Anonymous 0 Comments

When I was administered fentanyl for a 2+ hour dislocated shoulder, I still felt the pain, I just didn’t care.

As a lifelong mountain biker, I’ve had lots of injuries that require medical pain relief and I hate the nausea so much I developed a post hospital routine that I’d drink and vomit a McDonald’s vanilla shake.

Never liked downers unless I was in excruciating pain. Then, they are swell.

Anonymous 0 Comments

Fentanyl is a drug that happens to have a similar shape as particular chemicals, called a neurotransmitter, your body uses to signal itself. The neurotransmitters are released by your body in different places to signal different things and those places in your body respond when they get the signal.
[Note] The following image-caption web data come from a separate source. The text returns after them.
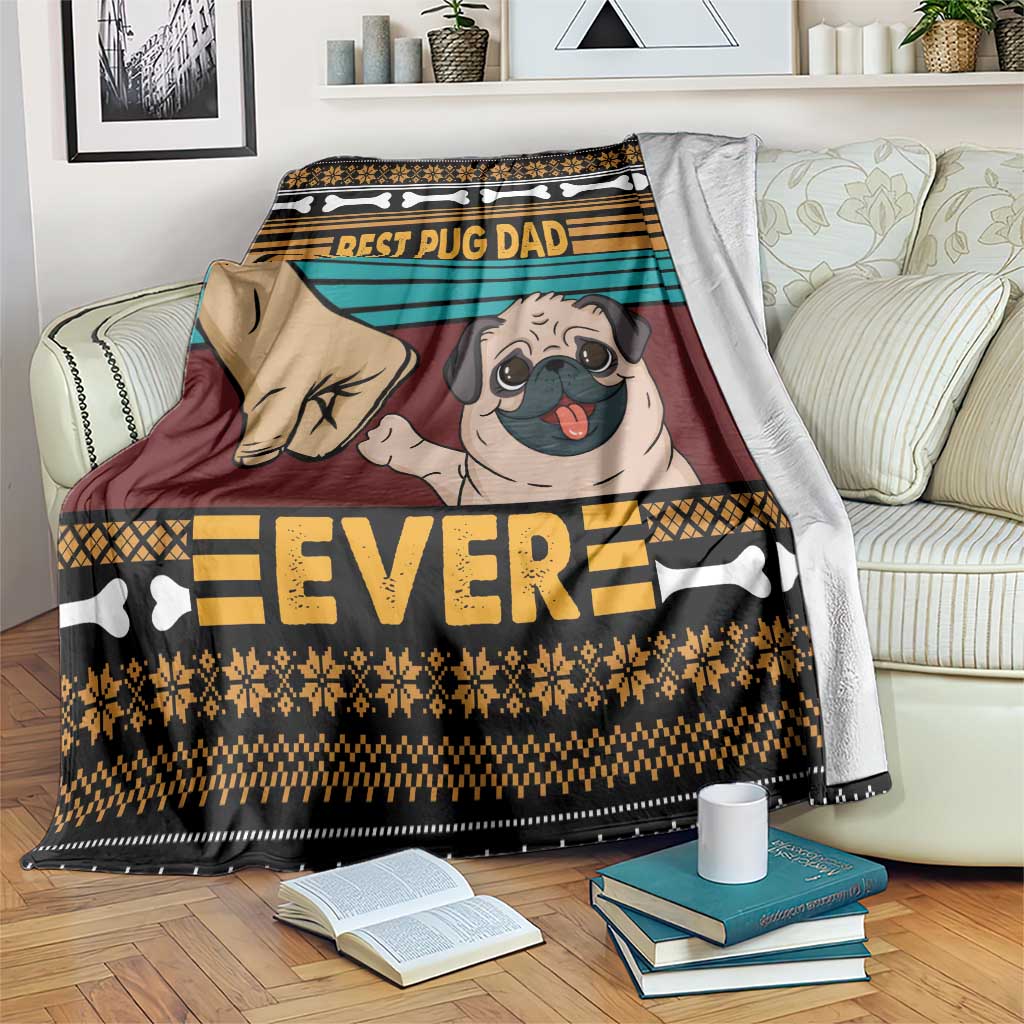 Best Pug Dad Ever Blanket Pug Dog Christmas Awesome Dad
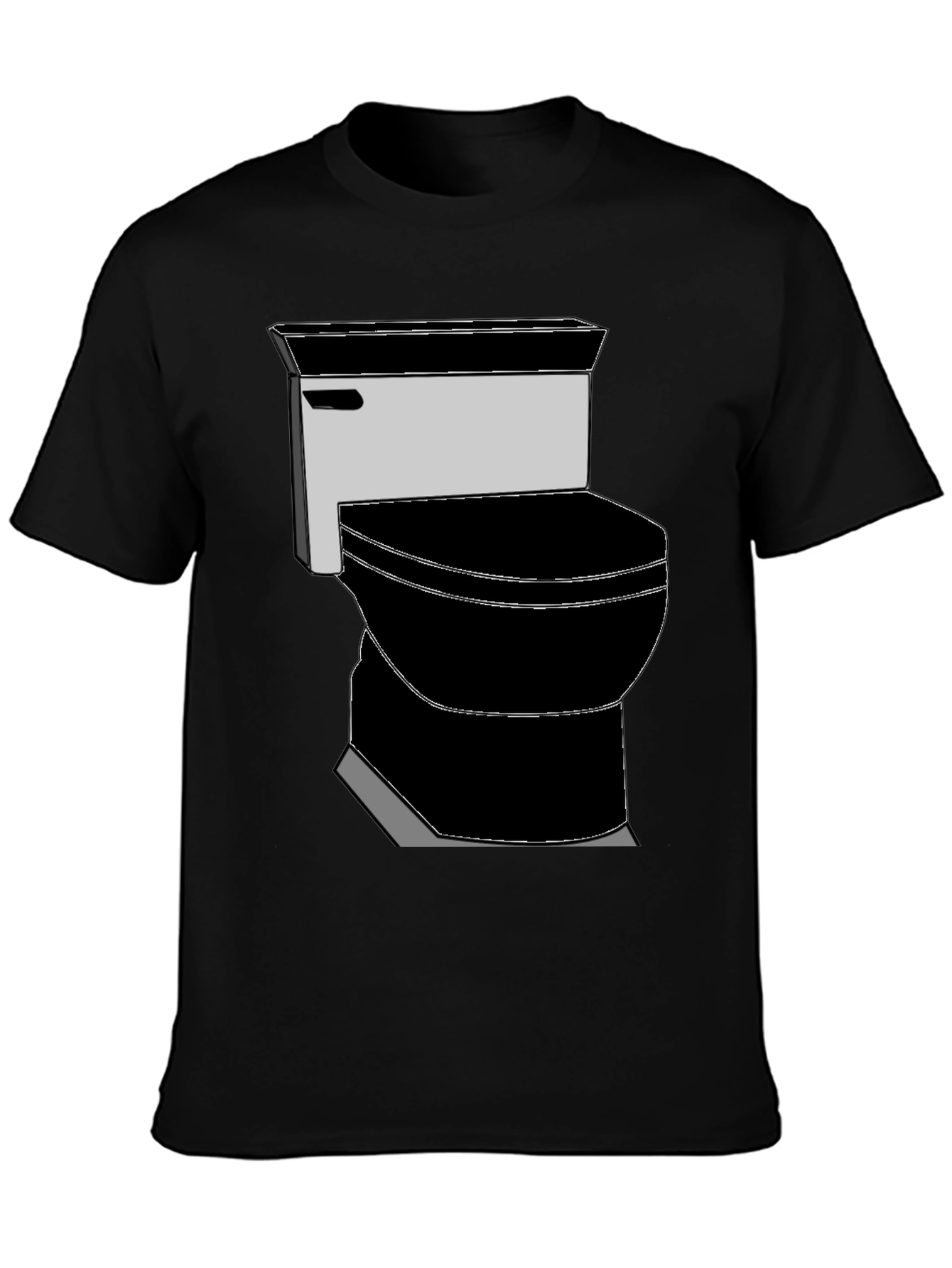 Toilet Graphic Tee - Black Cotton T-Shirt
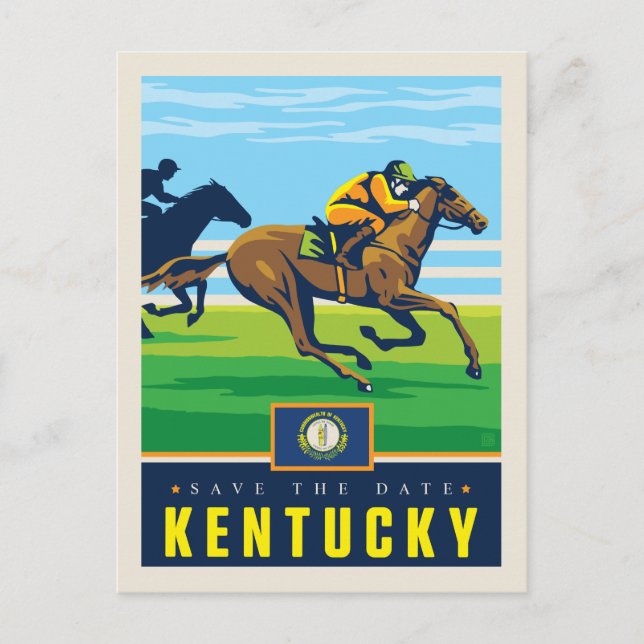 Postal De Invitación Reserva la fecha | Kentucky (Anverso)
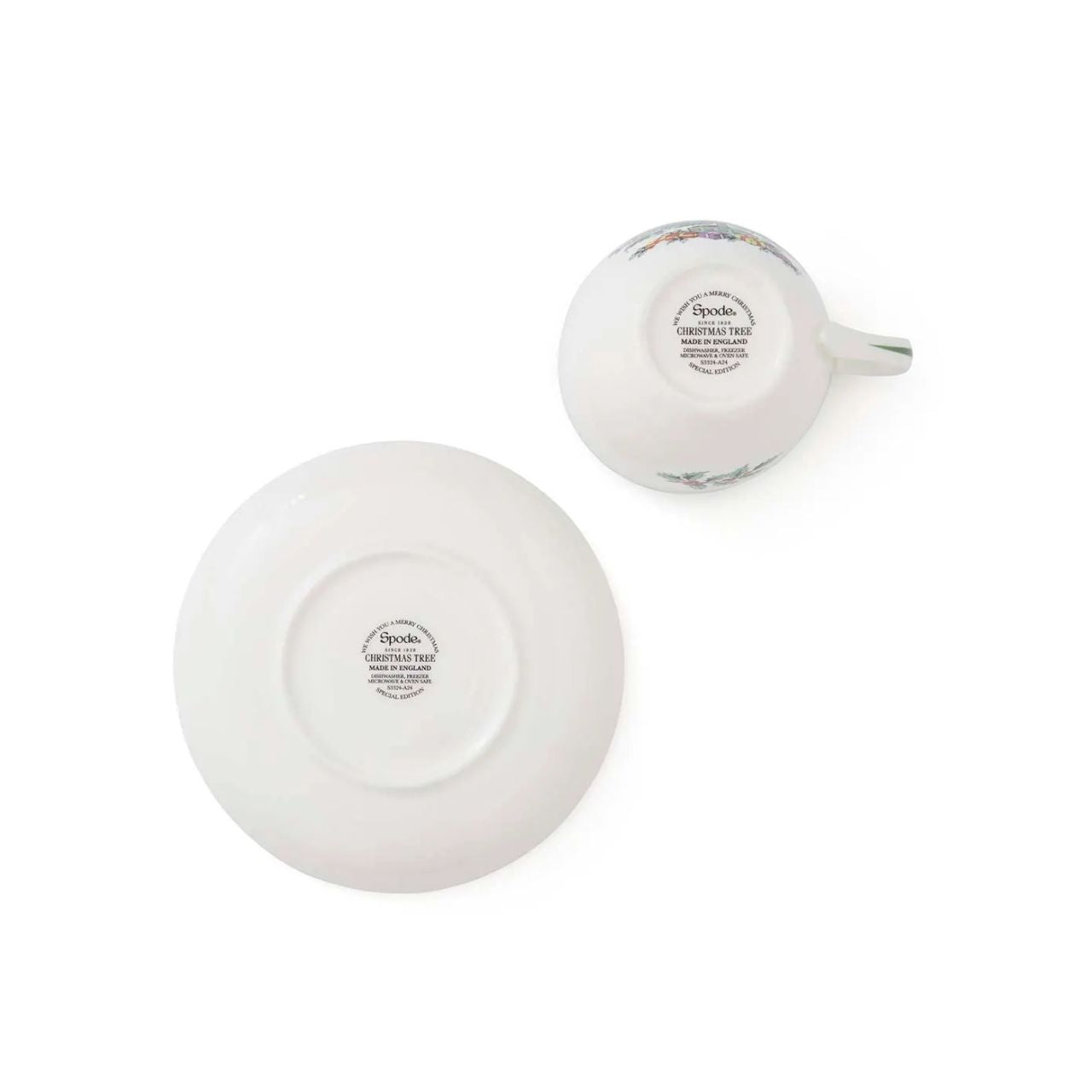 Catch up with family and friends over a cup of tea and a slice of cake this Christmas with this festive cup and saucer set. Each cup in the set features the traditional Christmas Tree design by Spode, with colourful baubles and presents for lucky children.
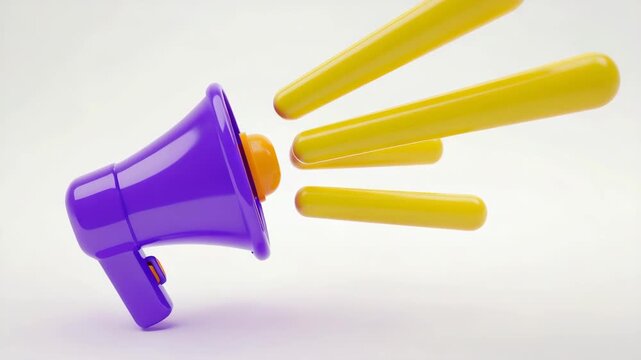 Purple Megaphone Broadcasting Yellow Sound Waves for Advertising, Marketing and Communication Concept
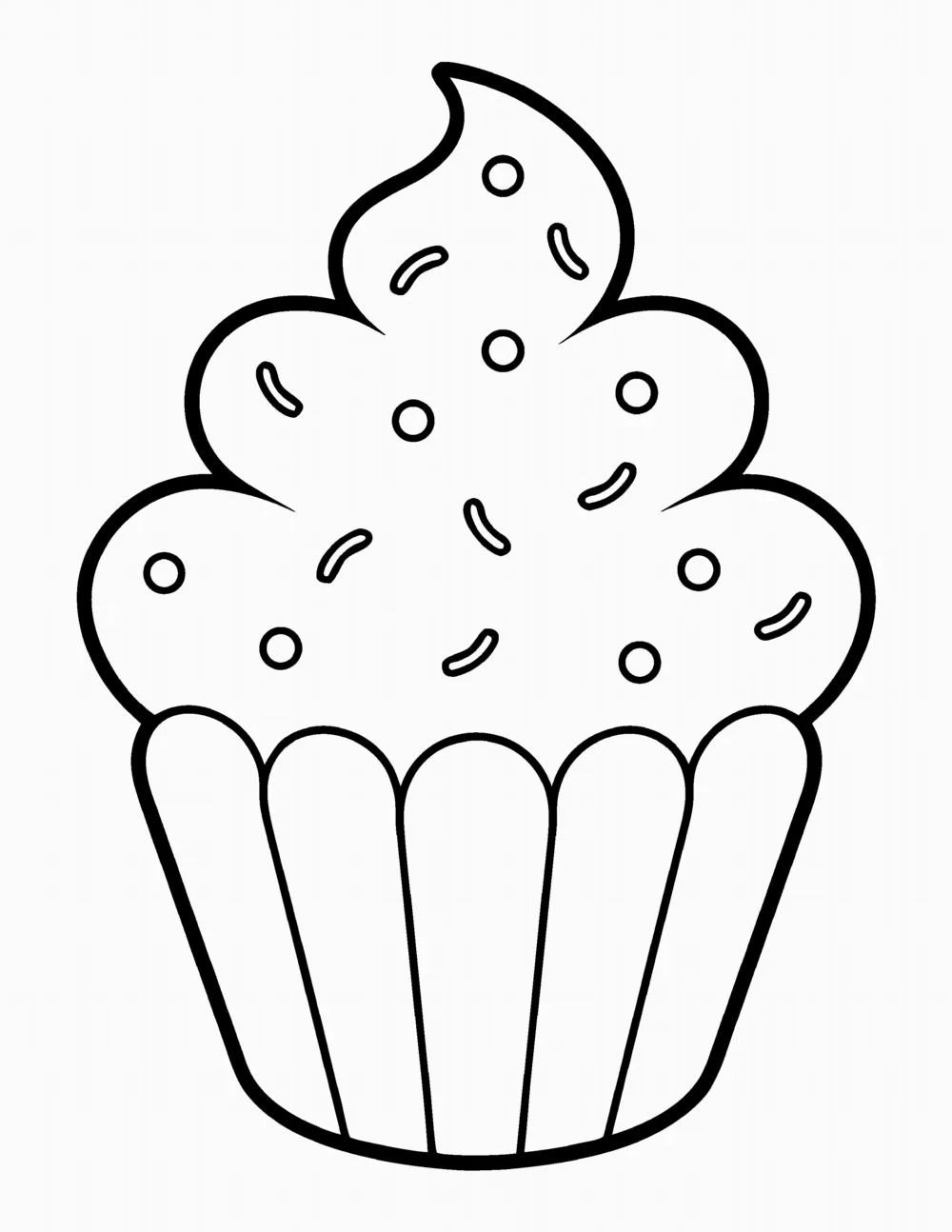 Cupcake coloring page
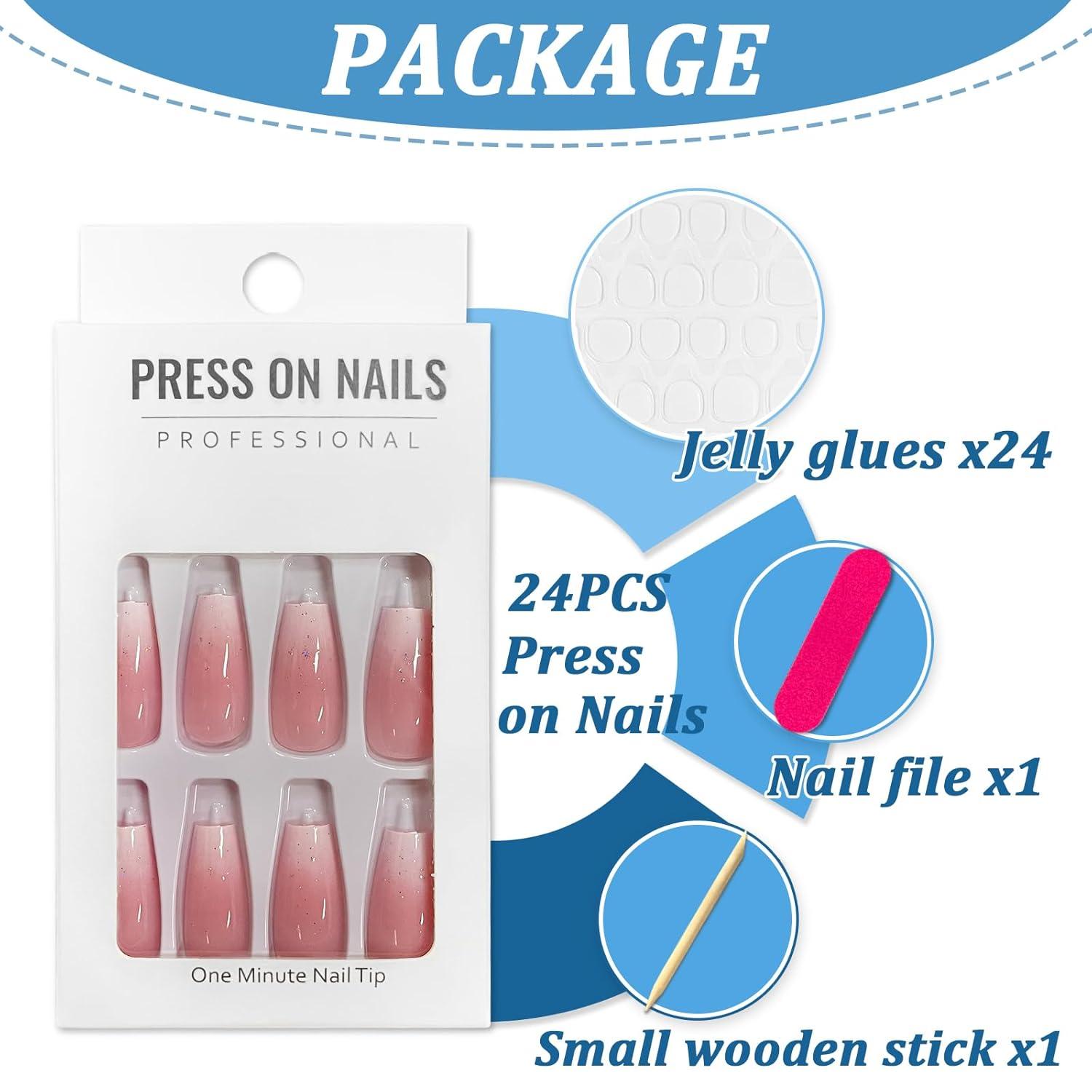 24 Stück Rosa Ballerina Acryl Nägel Press on Nails Full Cover Maniküre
When you take fentanyl, the fentanyl spreads throughout the body and signals several different places all at once.

Key to your question the fentanyl goes to your:

Brain and spinal chord and those places respond by lessening pain perception.

Other parts of the brain respond to fentanyl by releasing another neurotransmitter called dopamine which leads to a feeling of euphoria.

The brain stems responds to fentanyl by slowing breathing and heart rate.

So, how is it that we use Fentanyl as a painkiller, an addictive and euphoric drug, and a deadly drug? Because Fentanyl is shaped like a neurotransmitter the body already uses and taking it as a drug makes your whole body receive lots of neurotransmitters at once. The different parts do all their stuff at once, including lessen pain, euphoria, and possibly death from heart or breathing stopping.

In a clinical setting, the anesthesiologist carefully doses the fentanyl based on your weight and sex and other things so you perceive less pain but keep breathing. In a drug dealer situation, the drug dealer may mix fentanyl into the drugs without the buyer knowing: it’s cheap and strong.

The buyers may not know how much fentanyl they are getting and may be varying levels of tolerant to the drug. Some may die as their tolerance is too low or they take too much.

Ironically, when people OD on particular drugs, other addicts tend to buy *more* of the drugs believing they are stronger.

And give how Fentanyl works the stronger it is the more euphoria and pain relief and the more likely you are to die from it. So the addicts are not totally wrong.

Fun fact: Narcan/Naloxone stick more readily to neurotransmitter receptors but don’t signal them. So, the Fenantyl can’t stick to the receptors because the naloxone blocks them, and the effects of opiods cease very quickly.